A key element to reaching your goals is to review them regularly. But it’s not just a case of seeing whether or not you are sticking to them. It’s important to take time to understand why you have or haven’t reached your goals, and to use this information to plan your next steps. This article looks at some of the common obstacles to achieving your goals, and suggests ideas to overcome these.
This article is the fifth in the 40 by 40 series – 40 goals for my 40th year. I’m blogging throughout my journey to help inspire and guide others to reach their goals.
Read the previous articles here:
For a how-to on goals review, check out the previous article Best laid plans.
If you have goals that you could like to work towards, the GoalGetting workbook makes it easy. This 60-page workbook takes the eight steps proven to increase your chance of success to up to 95%, and walks you through them step by step. Grab yours today for just $10 NZD e-copy (approx $6 USD / £5 GBP).
Review your goals
If you’ve been following the series so far, you would have set your goals and written your plan. This is important not only to help you focus, but also to provide the basis for your review.
To review your goals progress, check where you planned to be at this stage, and see whether you are there.
If you are – great! What’s next? Is this still taking you in the direction that you want to go? Remember to take time to celebrate (more on this to follow).
If you haven’t made the progress that you’d wanted to, what’s holding you back?
Here are some of the common obstacles that we face when working towards our personal goals.
Not enough time
This is probably the most common reason that we struggle to reach our goals – there are never enough hours in the day.
When you’re reviewing, make sure you check whether this is really the case, or whether there is time available that you are currently wasting. This is completely your call – time spent chilling on Netflix could be valid de-stressing time. Only you will know whether it feels necessary or wasteful.
Another reason that we feel that we don’t have enough time is because we have too many conflicting priorities. Don’t beat yourself up over not achieving a goal if you were attending to a higher priority (don’t beat yourself up over not achieving a goal on any occasion – that’s not helpful!).
Take time while reviewing to weigh up whether the conflicting demand is a higher priority, or whether it is driven by habit. If it’s a lower priority, what can you do to stop it getting in the way of your goals? For help on dealing with conflicting priorities, check out the 6 Ds in the article Make it Happen.

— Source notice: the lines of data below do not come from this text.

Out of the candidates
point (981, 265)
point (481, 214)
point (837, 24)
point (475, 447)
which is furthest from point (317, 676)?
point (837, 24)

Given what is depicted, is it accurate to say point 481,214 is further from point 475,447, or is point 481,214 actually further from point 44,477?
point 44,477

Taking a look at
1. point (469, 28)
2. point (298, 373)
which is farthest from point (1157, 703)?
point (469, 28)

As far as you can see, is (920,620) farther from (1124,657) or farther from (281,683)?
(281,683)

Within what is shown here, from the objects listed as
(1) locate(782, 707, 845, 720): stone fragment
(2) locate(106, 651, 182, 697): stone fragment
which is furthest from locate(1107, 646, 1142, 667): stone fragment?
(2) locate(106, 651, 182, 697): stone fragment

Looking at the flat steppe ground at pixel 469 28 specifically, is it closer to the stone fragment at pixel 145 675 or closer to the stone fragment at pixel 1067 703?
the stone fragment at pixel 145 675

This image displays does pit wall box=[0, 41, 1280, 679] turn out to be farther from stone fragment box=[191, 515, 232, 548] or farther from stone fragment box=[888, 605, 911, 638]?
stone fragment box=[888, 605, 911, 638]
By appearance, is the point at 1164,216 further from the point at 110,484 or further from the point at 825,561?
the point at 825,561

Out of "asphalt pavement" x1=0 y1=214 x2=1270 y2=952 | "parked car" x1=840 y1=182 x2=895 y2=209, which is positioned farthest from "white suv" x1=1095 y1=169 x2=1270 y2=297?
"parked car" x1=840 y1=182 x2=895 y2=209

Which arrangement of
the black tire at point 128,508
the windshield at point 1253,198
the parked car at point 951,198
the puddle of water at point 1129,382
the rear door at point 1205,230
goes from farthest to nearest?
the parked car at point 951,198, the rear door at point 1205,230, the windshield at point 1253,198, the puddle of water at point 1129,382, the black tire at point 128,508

We often feel like we don’t have enough time if we have set too many goals. This may be the case for me with my 40 by 40 goals. Although, I do have a whole year. When I do my regular review, I focus on which goals are relevant to now, and leave the rest for later. If you are feeling overwhelmed by the number of things that you’re working on, take time to prioritise which is the most important (to you and your fulfilment), and focus your attention there.
Lack of focus
This has been a key issue for me with my 40 by 40 goals – I haven’t taken the time to review these regularly and track my progress. I don’t know whether I’m on track or not! When I’m focussed, I try to take an hour a week to look over my goals. I review the week that has passed, and plan the week ahead. This allows me to track all the little wins I’ve made before I forget them. I spend a little more time at the end of the month doing this for the whole month.

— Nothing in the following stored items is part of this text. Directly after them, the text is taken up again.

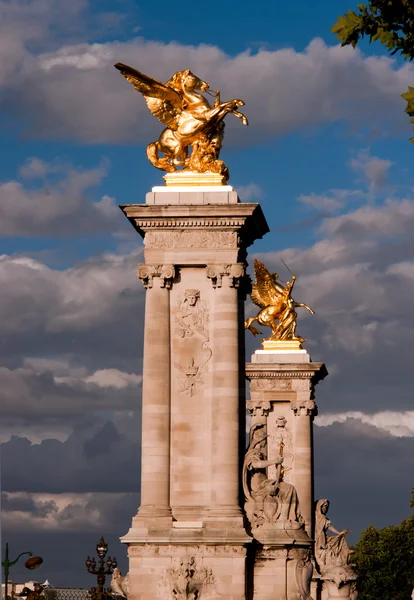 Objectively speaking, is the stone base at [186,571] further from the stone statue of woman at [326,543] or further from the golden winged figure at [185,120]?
the stone statue of woman at [326,543]

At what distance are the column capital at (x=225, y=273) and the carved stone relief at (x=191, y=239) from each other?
2.03 feet

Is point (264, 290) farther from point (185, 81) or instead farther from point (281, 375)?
point (185, 81)

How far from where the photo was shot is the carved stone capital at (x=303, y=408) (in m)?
76.5

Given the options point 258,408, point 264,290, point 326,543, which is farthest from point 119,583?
point 264,290

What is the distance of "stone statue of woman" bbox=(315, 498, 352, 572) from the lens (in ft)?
238

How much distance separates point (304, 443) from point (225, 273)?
25.2 metres

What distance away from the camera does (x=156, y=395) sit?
52094mm

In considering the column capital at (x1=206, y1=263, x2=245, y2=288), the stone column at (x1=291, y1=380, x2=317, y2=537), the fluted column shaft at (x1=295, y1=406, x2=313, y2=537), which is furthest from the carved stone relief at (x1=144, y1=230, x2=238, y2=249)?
the stone column at (x1=291, y1=380, x2=317, y2=537)

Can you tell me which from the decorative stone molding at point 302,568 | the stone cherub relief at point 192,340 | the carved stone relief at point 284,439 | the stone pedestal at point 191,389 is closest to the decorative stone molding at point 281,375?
the carved stone relief at point 284,439

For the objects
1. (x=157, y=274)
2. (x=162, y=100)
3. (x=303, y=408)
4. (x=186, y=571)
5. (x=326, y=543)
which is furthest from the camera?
(x=303, y=408)

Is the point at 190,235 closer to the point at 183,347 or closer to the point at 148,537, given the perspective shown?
the point at 183,347

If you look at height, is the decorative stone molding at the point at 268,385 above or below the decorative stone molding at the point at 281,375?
below

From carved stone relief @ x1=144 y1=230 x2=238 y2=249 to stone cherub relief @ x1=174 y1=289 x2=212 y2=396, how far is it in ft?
A: 4.53

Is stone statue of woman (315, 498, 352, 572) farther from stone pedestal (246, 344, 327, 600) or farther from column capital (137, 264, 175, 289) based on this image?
column capital (137, 264, 175, 289)
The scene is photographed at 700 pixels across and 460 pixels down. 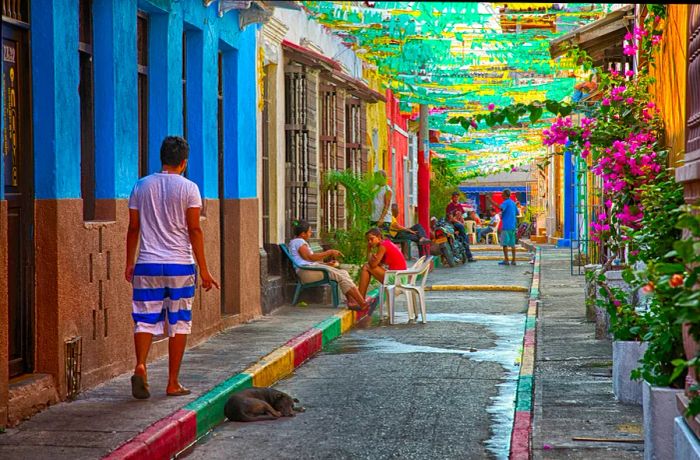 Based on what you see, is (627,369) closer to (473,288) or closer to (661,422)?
(661,422)

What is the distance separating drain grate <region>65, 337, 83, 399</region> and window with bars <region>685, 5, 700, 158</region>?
436cm

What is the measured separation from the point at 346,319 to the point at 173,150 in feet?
23.0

Lack of support / accountability
Often the goals that we set could mean a significant transformation in our life, or they may take a lot of time or focus. This change can sometimes be unsettling for our loved ones. You may face some resistance, or at the very least a lack of support. Or they may be supportive, but really not understand your new found passion. It’s important to find people who do understand and support your goals. These people will help to inspire and advise you, and hold you accountable.

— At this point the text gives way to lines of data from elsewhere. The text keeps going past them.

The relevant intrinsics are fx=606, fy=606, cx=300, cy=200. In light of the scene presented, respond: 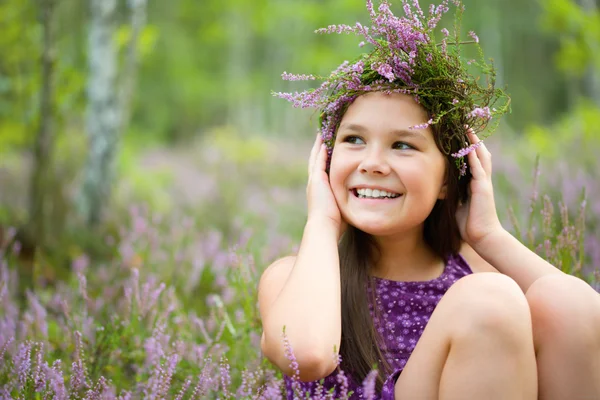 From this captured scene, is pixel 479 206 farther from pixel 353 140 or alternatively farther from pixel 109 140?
pixel 109 140

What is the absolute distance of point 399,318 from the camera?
1.91m

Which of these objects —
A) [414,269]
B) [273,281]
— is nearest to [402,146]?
[414,269]

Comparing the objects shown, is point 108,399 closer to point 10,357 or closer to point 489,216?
point 10,357

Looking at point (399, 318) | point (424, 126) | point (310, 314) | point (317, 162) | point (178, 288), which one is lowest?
point (178, 288)

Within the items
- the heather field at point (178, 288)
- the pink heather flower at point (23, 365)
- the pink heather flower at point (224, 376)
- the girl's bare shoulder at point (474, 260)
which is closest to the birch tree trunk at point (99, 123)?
the heather field at point (178, 288)

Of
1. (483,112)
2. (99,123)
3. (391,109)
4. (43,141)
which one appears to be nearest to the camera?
(483,112)

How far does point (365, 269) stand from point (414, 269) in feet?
0.60

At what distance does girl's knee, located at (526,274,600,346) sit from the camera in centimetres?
156

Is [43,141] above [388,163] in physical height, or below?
below

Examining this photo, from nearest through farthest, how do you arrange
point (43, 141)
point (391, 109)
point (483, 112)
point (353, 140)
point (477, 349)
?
point (477, 349)
point (483, 112)
point (391, 109)
point (353, 140)
point (43, 141)

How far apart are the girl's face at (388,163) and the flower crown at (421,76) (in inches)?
1.7

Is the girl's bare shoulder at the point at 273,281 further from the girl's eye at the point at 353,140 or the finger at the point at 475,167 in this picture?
the finger at the point at 475,167

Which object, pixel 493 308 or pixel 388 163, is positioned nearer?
pixel 493 308

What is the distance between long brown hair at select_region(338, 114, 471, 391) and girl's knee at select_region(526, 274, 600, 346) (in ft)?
1.51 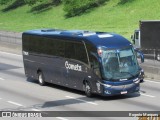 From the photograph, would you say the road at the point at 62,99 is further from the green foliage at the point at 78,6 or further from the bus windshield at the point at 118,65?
the green foliage at the point at 78,6

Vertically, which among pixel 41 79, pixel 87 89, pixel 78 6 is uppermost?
pixel 87 89

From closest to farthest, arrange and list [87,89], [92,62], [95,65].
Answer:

Goal changed (or it wasn’t the right goal anyway)
You may find that your goal just doesn’t feel that important any more. Revisit your why. If it doesn’t leave you inspired and motivated, is this still a goal for you? Life changes and we evolve constantly – our priorities are constantly shifting too. It’s okay to draw a line and move on.
As mentioned above, it is important to celebrate your successes. This doesn’t just mean when you reach your goal, but also the little steps along the way.
Celebrating success is important for a couple of reasons. Firstly, it gives you something to look forward to and motivates you to work towards your goals. It also reinforces the idea to your brain that you are a successful person. This, in turn, leads to more success. Learn more about this phenomenon in Ian H. Robertson’s The Winner Effect: The Neuroscience of Success and Failure.
Don’t forget to plan next steps
Once you’ve completed your review, it’s important to incorporate this into your plans for your next steps. I always do my goals review and planning within the same session.
What are the next steps that you need to take towards your goal? Has your goal changed at all? If you didn’t achieve what you hoped to, why not? What can you do differently? Is there anything that has gone well that you can apply to other areas?
Reviewing your goals is an important step to towards success. Taking the time to reflect upon what worked (and what didn’t) will give you important information to help you decide how to move forwards.
Life is always changing – don’t be afraid to let go of a goal if it is no longer important to you, or if something better has come along. That said, if your goal is still important but you aren’t making any progress, take some time to really think about why that is, and what you can do differently.